Utilizing finite difference time domain (FDTD) simulation, it is evident that the silicon lens exhibits a robust aggregating and enhancing effect on the electric field of the terahertz wave, as illustrated in Figure 2A. The diameter of the silicon lens is 10 mm, and to achieve the optimal terahertz light focusing effect, the GaAs substrate of the terahertz detector chip was thinned to 200 μm. Under the influence of the silicon lens, the terahertz wave is focused to a region of nearly 100 microns in the core of the lens. Although there is an impedance mismatch between the permittivity of the terahertz silicon lens and free space, about 30% of the terahertz wave is reflected, but at a frequency of 0.8 THz, the terahertz electric field in the center area of the silicon lens increases by 4.5 times compared to the incident terahertz wave, as seen in Figure 2A. Considering that the energy density of the electric field is proportional to the square of its intensity, the energy density within the core area of the detector can be increased up to approximately 20 times that of the incident terahertz wave due to the near-field convergence of the silicon lens.
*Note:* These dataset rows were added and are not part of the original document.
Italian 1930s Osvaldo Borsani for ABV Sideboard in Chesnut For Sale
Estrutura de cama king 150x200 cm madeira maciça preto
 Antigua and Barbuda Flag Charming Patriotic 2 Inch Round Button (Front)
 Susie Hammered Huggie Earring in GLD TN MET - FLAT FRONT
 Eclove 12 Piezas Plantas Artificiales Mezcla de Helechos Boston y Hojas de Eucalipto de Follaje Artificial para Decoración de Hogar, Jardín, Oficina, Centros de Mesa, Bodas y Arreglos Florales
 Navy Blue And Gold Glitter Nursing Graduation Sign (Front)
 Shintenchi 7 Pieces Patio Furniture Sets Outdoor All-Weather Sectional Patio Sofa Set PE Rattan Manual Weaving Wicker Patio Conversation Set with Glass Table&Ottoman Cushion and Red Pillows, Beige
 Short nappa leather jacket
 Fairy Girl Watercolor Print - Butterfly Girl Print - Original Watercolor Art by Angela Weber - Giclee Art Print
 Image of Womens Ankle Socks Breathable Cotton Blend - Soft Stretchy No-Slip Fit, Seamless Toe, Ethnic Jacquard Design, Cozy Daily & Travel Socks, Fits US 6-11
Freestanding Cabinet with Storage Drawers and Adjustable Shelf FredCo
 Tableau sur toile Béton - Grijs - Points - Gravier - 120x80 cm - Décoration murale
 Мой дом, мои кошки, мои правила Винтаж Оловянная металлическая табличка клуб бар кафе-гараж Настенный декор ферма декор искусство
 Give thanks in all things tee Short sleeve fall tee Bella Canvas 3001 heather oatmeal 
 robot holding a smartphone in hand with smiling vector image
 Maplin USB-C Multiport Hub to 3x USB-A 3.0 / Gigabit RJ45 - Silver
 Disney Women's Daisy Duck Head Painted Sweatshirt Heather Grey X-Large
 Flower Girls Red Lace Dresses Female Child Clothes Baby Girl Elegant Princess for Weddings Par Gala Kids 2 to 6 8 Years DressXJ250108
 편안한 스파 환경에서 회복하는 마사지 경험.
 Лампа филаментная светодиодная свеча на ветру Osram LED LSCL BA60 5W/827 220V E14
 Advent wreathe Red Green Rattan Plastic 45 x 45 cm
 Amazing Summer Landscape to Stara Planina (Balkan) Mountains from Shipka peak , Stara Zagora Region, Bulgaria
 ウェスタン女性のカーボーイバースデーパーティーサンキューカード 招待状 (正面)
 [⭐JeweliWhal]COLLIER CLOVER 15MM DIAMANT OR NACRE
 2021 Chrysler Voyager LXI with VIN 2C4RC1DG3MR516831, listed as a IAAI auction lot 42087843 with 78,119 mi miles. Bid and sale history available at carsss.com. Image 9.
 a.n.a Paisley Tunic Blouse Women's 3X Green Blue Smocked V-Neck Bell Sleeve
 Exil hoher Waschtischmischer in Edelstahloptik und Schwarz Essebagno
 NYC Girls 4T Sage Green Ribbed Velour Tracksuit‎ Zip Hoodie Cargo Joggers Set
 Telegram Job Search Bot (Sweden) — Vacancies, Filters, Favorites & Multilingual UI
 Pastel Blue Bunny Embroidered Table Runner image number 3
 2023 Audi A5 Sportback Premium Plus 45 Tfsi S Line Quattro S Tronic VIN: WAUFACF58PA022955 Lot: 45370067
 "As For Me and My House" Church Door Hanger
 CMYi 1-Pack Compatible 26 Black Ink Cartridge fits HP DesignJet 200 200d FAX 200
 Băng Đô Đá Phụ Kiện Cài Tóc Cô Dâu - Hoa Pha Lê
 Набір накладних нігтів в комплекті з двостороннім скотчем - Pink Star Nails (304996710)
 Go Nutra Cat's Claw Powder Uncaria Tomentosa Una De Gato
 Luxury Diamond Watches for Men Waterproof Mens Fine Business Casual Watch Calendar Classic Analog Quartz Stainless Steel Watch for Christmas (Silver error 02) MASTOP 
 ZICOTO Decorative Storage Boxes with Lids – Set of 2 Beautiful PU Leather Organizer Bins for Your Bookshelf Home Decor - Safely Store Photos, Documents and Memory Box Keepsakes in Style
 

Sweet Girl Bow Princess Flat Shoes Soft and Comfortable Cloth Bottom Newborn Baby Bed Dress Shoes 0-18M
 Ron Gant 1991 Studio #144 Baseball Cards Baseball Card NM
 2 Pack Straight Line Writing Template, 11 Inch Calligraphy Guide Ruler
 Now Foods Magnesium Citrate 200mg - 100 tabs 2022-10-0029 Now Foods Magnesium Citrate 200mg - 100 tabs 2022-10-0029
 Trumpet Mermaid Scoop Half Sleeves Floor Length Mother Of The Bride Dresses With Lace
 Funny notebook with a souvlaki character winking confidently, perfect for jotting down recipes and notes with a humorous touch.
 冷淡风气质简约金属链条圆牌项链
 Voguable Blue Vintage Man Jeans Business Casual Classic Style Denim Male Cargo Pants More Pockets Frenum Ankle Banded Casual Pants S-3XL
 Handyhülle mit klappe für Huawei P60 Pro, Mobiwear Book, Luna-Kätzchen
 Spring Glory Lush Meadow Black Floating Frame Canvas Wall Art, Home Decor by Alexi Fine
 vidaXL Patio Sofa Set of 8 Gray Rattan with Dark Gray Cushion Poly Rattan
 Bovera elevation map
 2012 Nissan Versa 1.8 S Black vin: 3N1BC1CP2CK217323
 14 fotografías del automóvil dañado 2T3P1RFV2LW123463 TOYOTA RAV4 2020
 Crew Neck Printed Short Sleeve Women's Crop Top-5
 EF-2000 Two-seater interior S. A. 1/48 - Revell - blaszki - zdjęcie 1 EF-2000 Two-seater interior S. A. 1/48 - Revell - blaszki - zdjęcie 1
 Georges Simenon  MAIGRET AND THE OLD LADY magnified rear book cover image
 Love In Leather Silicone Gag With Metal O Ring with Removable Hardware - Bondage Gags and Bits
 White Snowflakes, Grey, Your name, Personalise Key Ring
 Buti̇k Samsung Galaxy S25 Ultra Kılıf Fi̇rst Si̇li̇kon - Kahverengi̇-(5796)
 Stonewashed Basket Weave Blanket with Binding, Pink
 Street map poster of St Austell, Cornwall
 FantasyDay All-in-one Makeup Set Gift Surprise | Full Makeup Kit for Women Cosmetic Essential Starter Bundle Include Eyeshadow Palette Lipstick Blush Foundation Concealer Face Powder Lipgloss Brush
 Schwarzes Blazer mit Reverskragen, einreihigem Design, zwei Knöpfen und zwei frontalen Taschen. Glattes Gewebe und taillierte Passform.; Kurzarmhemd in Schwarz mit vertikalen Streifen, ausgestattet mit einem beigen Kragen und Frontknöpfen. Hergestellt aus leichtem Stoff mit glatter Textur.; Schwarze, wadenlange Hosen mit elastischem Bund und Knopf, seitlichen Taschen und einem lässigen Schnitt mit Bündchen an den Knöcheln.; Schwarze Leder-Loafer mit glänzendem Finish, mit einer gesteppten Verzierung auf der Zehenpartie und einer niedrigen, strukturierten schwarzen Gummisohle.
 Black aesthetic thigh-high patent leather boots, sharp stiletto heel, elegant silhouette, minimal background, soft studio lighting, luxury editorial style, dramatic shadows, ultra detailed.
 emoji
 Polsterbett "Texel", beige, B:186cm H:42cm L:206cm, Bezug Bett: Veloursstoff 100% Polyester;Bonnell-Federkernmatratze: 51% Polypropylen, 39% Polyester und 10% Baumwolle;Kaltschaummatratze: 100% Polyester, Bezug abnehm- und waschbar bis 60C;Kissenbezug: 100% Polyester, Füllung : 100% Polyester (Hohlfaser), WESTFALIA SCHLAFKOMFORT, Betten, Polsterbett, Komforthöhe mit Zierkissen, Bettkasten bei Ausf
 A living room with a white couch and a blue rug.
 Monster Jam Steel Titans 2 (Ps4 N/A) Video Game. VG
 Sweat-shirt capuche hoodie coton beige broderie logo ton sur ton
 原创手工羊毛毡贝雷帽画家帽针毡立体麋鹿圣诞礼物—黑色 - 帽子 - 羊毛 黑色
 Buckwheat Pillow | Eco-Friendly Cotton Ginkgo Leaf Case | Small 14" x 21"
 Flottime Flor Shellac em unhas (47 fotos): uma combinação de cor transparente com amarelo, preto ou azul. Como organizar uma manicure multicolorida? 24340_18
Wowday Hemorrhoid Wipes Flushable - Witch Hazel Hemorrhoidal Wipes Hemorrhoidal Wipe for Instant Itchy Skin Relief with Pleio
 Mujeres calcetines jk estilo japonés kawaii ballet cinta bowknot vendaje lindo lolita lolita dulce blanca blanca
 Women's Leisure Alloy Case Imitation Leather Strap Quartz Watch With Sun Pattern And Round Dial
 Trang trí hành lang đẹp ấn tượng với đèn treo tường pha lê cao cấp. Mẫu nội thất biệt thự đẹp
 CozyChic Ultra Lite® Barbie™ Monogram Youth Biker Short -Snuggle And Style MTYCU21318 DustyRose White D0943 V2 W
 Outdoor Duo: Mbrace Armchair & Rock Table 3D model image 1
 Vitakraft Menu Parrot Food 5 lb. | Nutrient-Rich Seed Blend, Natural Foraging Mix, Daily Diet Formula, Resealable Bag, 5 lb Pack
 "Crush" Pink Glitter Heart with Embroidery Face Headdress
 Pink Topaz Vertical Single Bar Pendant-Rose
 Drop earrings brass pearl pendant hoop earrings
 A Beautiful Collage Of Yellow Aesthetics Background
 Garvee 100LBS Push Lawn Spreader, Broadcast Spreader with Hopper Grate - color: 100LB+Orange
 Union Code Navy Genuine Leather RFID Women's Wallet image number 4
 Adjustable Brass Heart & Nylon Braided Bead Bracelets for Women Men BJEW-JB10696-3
This enhancement in energy density has significant potential to boost the detector’s responsivity.

Test results

Figure 2B depicts the responsivity of the terahertz module detector integrated with the silicon lens. The photoresponse at zero source-drain voltage originates from the photo-thermoelectric effect, which benefits from our designed asymmetric structure. To assess the light-gathering efficiency of the lens, we carried out terahertz response tests on the detector module under front and back illumination, as illustrated in Figure 2B. The blue solid line in the figure corresponds to back illumination, which is equivalent to direct incidence of the terahertz wave on the detector chip surface. The red solid line in the figure represents front illumination, where the terahertz wave is focused onto the chip surface through the silicon lens. As a result of the amplified terahertz electric field, the terahertz response rate increases by about 20 times, which is consistent with the simulation results in Figure 2A. The frequency band of the incident terahertz wave is 0.02–0.82 THz. The device response time is shown in Figure 2C, with the turn-on time being about 5 μs and the turn-off time being around 0.7 μs. These results demonstrate the high-speed nature of our devices, making them ideal for applications in high-speed communications. We measured the source-drain voltage dependence curve of the module under 0.73 and 0.8 THz light as shown in Figure 2D. NEP, which measures the responsivity of photodetection, is calculated by taking the ratio of noise voltage density and responsivity (Vn/R). The noise spectral density reflects various noise sources present in the system, including but not limited to 1/f noise, shot noise, and Johnson-Nyquist noise. Supplementary Figure S2A is the noise spectrum of the test of the detector module. According to the noise spectrum, we calculated the NEP test results of the device, as shown in Figure 2E. Under zero bias voltage, the minimum NEP value of the module device can reach 59 pW/Hz^1/2. Our four-end antenna structure is capable of efficiently coupling terahertz optical fields, but there is still room for improvement. We anticipate that even better results can be achieved by constructing the gate electrode with nanometer precision and incorporating a grating structure [31].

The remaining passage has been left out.